Thomas de Waal said he doesn’t expect many changes by the new Armenian government, at least not soon.
“Pashinyan is going to just try to hold on to the status quo and this is probably not to the liking of Azerbaijan. Azerbaijan does not want to see a quiet status quo, but a quiet status quo is unfortunately what I think the new Armenian leadership wants,” the expert told the Caucasus Watch.
Further, taking about the process of settlement of the Nagorno-Karabakh conflict, he noted that this conflict is deeply intractable and it cannot be solved quickly.
Thomas de Waal noted that there is a very weak international mechanism in place for the conflict’s settlement.
“There is a small monitoring mission with six OSCE observers, as well as the very modest Minsk Group under the co-chairmanship format that is trying to mediate the conflict. So basically everything comes down to the will and decision-making of the leaders on both sides,” said the political analyst.

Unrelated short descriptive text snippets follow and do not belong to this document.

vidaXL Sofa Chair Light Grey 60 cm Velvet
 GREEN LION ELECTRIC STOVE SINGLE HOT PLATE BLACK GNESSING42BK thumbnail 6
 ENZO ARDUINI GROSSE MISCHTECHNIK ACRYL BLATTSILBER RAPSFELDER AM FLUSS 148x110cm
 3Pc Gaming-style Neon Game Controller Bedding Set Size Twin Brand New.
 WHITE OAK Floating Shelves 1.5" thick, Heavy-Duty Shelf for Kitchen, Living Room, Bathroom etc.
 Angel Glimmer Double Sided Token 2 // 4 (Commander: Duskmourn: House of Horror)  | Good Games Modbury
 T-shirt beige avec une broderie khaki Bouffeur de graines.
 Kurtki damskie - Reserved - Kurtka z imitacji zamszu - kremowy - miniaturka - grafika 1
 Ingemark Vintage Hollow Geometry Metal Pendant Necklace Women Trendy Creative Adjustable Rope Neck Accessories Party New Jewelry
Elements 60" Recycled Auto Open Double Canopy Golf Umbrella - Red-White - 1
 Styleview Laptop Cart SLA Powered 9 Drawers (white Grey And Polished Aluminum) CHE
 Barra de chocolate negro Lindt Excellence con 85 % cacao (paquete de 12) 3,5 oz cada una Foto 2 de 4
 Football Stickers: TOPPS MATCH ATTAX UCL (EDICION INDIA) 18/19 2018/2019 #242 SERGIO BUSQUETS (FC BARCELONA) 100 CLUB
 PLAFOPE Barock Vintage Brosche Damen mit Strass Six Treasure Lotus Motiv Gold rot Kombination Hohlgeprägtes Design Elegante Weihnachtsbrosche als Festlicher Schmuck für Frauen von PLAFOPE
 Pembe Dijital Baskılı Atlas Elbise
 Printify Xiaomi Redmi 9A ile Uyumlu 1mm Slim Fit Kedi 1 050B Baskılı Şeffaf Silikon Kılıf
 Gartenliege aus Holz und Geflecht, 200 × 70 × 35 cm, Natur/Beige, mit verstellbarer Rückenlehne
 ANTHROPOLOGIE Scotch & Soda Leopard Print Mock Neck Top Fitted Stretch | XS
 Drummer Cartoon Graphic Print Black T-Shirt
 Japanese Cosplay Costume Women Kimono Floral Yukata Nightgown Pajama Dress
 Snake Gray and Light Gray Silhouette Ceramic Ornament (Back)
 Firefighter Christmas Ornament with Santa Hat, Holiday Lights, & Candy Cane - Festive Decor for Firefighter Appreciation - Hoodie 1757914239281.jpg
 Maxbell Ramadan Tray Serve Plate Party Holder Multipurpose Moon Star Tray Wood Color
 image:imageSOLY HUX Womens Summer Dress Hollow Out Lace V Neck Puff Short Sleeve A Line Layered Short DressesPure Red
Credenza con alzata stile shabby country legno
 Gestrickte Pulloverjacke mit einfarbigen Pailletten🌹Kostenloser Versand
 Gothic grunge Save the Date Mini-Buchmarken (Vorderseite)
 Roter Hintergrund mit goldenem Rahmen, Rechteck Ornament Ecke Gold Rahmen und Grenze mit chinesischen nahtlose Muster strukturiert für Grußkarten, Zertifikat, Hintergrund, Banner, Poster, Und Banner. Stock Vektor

The conflict between the two South Caucasus countries began in 1988 when Armenia made territorial claims against Azerbaijan. As a result of the ensuing war, in 1992 Armenian armed forces occupied 20 percent of Azerbaijan, including the Nagorno-Karabakh region and seven surrounding districts.
The 1994 ceasefire agreement was followed by peace negotiations. Armenia has not yet implemented four UN Security Council resolutions on withdrawal of its armed forces from the Nagorno-Karabakh and the surrounding districts.